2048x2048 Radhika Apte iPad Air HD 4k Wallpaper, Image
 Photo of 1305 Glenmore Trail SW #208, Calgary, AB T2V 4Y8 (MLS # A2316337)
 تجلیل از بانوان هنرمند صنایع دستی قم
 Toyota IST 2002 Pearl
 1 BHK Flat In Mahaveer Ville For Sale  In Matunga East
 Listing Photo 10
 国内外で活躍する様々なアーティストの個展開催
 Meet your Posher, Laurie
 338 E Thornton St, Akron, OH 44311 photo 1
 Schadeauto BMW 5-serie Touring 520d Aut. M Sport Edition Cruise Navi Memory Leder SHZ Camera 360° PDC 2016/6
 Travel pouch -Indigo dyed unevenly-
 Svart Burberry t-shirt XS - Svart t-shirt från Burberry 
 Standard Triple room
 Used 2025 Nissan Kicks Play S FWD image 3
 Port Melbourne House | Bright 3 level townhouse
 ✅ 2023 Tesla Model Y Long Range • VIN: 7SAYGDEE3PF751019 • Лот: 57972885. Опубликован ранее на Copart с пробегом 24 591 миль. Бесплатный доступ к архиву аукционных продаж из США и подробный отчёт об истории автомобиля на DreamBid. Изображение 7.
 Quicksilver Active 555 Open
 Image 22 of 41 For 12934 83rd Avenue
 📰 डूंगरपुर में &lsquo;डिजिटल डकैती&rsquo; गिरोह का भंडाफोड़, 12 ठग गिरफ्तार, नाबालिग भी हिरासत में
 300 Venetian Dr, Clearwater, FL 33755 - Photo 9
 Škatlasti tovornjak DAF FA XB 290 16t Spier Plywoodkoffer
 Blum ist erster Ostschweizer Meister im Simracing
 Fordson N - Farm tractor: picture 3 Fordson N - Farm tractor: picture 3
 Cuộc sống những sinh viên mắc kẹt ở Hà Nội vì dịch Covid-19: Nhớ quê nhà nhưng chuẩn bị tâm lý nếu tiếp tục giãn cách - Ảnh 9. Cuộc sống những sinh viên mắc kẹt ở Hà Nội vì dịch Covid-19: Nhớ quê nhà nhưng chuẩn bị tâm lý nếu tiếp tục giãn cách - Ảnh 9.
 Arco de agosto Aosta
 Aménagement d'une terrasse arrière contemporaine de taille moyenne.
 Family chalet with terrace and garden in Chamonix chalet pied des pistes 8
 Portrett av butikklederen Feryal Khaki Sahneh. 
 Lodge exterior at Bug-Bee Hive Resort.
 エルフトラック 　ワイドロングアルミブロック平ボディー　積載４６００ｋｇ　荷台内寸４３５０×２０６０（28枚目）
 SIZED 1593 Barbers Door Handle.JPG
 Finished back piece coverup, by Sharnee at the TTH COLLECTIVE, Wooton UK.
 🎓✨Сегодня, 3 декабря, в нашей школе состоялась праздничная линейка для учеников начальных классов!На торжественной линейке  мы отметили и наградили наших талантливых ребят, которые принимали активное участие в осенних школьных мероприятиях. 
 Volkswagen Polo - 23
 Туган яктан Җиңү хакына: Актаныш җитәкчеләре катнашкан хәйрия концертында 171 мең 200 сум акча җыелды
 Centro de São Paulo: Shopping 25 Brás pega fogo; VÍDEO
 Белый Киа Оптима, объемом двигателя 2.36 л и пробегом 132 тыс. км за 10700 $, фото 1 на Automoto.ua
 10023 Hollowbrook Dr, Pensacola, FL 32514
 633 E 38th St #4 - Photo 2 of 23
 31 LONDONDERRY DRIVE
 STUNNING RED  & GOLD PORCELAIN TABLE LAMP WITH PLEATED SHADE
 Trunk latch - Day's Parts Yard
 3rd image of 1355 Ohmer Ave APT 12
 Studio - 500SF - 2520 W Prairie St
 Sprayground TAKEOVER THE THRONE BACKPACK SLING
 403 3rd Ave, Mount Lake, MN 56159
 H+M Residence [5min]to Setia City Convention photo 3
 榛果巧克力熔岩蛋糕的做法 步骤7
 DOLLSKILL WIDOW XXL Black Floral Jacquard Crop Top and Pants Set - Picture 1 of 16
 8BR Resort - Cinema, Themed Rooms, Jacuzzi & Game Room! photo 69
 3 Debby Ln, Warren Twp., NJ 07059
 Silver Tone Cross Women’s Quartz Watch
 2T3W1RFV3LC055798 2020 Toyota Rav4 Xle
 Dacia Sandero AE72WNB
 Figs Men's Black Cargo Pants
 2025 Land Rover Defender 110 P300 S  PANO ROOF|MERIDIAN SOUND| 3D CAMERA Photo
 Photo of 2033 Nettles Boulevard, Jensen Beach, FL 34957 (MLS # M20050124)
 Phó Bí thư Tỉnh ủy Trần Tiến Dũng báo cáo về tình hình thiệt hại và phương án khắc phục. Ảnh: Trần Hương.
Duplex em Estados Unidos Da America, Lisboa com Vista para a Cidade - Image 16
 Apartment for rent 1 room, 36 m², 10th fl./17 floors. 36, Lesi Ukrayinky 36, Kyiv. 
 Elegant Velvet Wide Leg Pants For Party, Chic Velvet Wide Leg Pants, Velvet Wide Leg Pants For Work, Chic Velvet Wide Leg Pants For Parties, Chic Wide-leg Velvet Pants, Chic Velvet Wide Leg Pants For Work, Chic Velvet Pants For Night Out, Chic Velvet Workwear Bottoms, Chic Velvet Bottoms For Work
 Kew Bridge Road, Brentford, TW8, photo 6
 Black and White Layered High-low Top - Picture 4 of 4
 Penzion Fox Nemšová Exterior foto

• [Task]
Using only the listing above, restate exactly the lines from the line containing "WITH PLEATED SHADE" through the line containing "Kew Bridge Road, Brentford, TW8, photo 6", both included.

• [Answer]
 STUNNING RED  & GOLD PORCELAIN TABLE LAMP WITH PLEATED SHADE
 Trunk latch - Day's Parts Yard
 3rd image of 1355 Ohmer Ave APT 12
 Studio - 500SF - 2520 W Prairie St
 Sprayground TAKEOVER THE THRONE BACKPACK SLING
 403 3rd Ave, Mount Lake, MN 56159
 H+M Residence [5min]to Setia City Convention photo 3
 榛果巧克力熔岩蛋糕的做法 步骤7
 DOLLSKILL WIDOW XXL Black Floral Jacquard Crop Top and Pants Set - Picture 1 of 16
 8BR Resort - Cinema, Themed Rooms, Jacuzzi & Game Room! photo 69
 3 Debby Ln, Warren Twp., NJ 07059
 Silver Tone Cross Women’s Quartz Watch
 2T3W1RFV3LC055798 2020 Toyota Rav4 Xle
 Dacia Sandero AE72WNB
 Figs Men's Black Cargo Pants
 2025 Land Rover Defender 110 P300 S  PANO ROOF|MERIDIAN SOUND| 3D CAMERA Photo
 Photo of 2033 Nettles Boulevard, Jensen Beach, FL 34957 (MLS # M20050124)
 Phó Bí thư Tỉnh ủy Trần Tiến Dũng báo cáo về tình hình thiệt hại và phương án khắc phục. Ảnh: Trần Hương.
Duplex em Estados Unidos Da America, Lisboa com Vista para a Cidade - Image 16
 Apartment for rent 1 room, 36 m², 10th fl./17 floors. 36, Lesi Ukrayinky 36, Kyiv. 
 Elegant Velvet Wide Leg Pants For Party, Chic Velvet Wide Leg Pants, Velvet Wide Leg Pants For Work, Chic Velvet Wide Leg Pants For Parties, Chic Wide-leg Velvet Pants, Chic Velvet Wide Leg Pants For Work, Chic Velvet Pants For Night Out, Chic Velvet Workwear Bottoms, Chic Velvet Bottoms For Work
 Kew Bridge Road, Brentford, TW8, photo 6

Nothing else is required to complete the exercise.